[Stoves] The need to continue the discussion: simmer efficiency

Crispin Pemberton-Pigott crispinpigott at outlook.com
Fri Feb 20 11:49:44 CST 2015


Dear Dean

 

All this is good and true:

 

You take a standard pot of water.

You boil the water and see how much fuel was used and how many emissions were made.

You simmer water for 45 minutes.

You then try to make a stove that uses less wood and makes fewer emissions to do the same task.

Eventually you evolve a much better stove.

When I started experimenting with stoves they used around 550 grams of wood to boil 5 liters of water.

Now stoves routinely use around 300 grams. 

 

Stoves used to make lots of PM and CO.

Now stoves make much less because stoves evolved using testing with emissions equipment.

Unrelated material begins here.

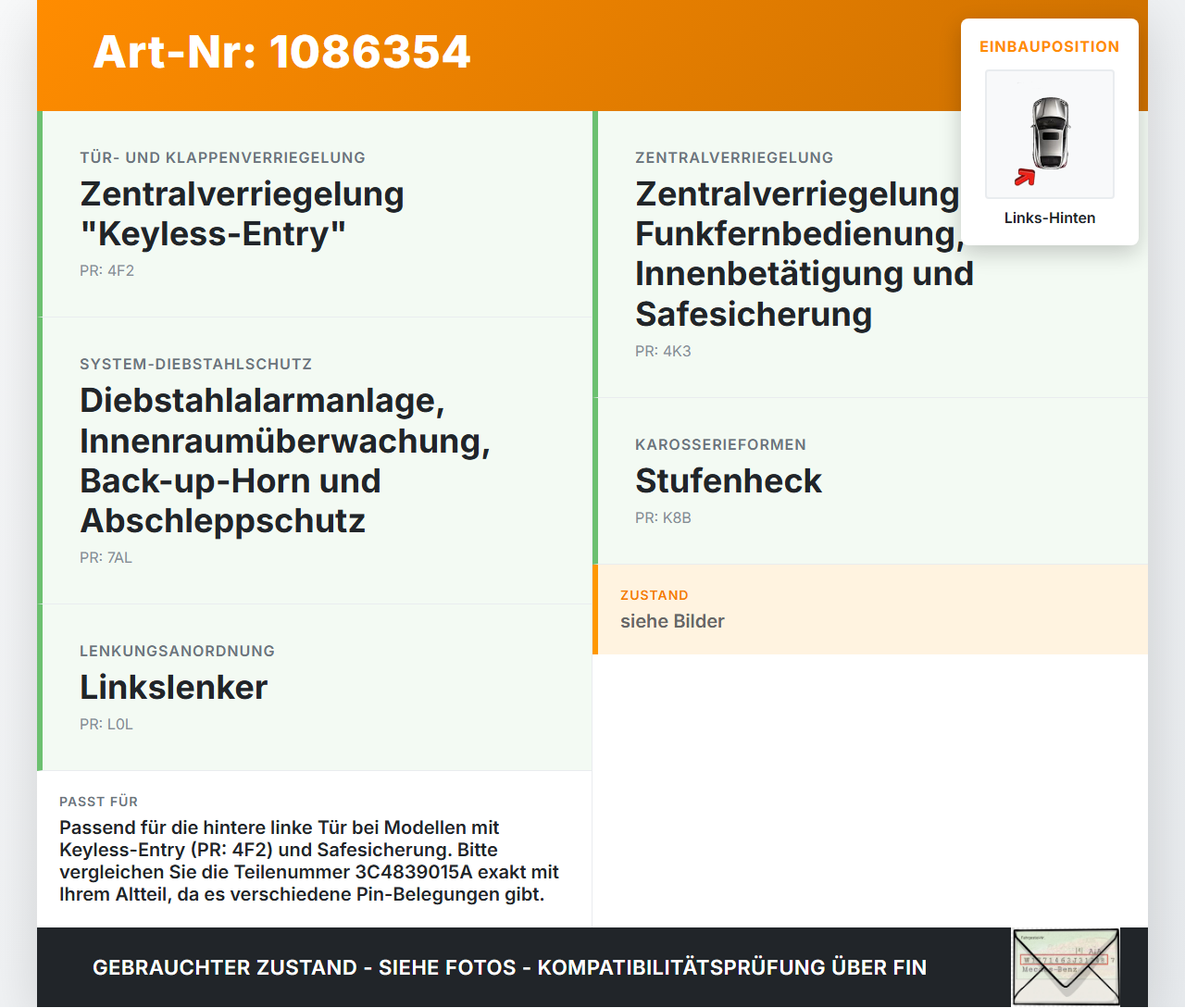 VW Passat 3C B7 10-14 Lim Türschloss Stellmotor Zentralverriegelung Schloss Links Hinten VW Passat 3C B7 10-14... Vorschau 3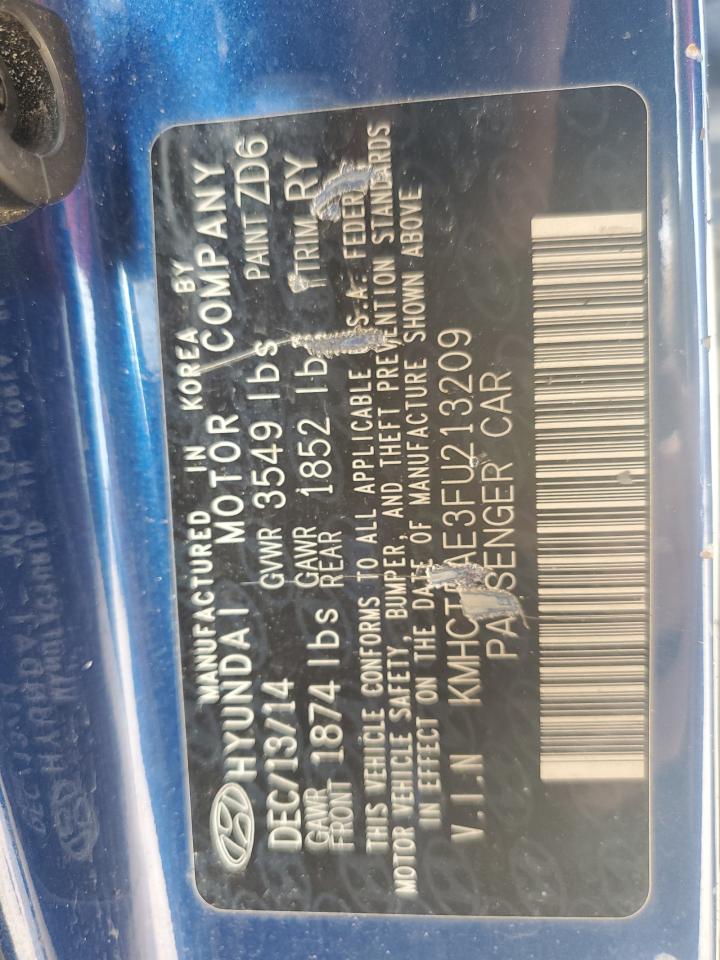 2015 Hyundai Accent Gs VIN: KMHCT5AE3FU213209 Lot: 70844495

There are now biomass stoves that meet the WHO indoor air quality guidelines. This seemed almost impossible a few years ago.

For example, some TLUDs are now really great stoves. They are clean burning at high and low power. The newer Tom Reed type fan stove doesn't put soot on pots! The Rocket stove is better. There's lots of better stoves now including side feed fan stoves. Folks cooked on them at ETHOS, etc.

 

That is all well and good. Now, expressing these results in a usable, scientific format that accommodates other sizes of pots, other fuels, other burn cycles is an absolute pre-requisite for creating a national or internationally accepted test method and performance rating system.

 

I am not disagreeing with the achievements of the many actors in the stoves field. It is enthusiasm for success that dives us. When it comes to product selection, however, we must sue valid comparisons of measurable performance.  At issue is not that improved stoves are not improved. It is that claims for relative performance are not being fairly represented by the WBT which has been held up for years as ‘the way’ to test stoves. It is a way that favours certain products and disfavours others. It misreports performance to the extent that large amounts of money have been lost for no gain and this must stop. 

 

That’s all. We have to have something that works, and many people have produced alternatives over the years. At present there is no acceptable internationally workable test method.

 

The development of workable methods requires consultation and review. Whatever the ISO committee does, it will still have to be externally reviewed. There is a public comment process for this, which may or may not suffice. It depends on who shows up.

 

I am assuming nothing. There are so many ‘agendas’ in play it is too early to know which way the cookie will crumble.  Let’s all just keep plugging along doing the best we can.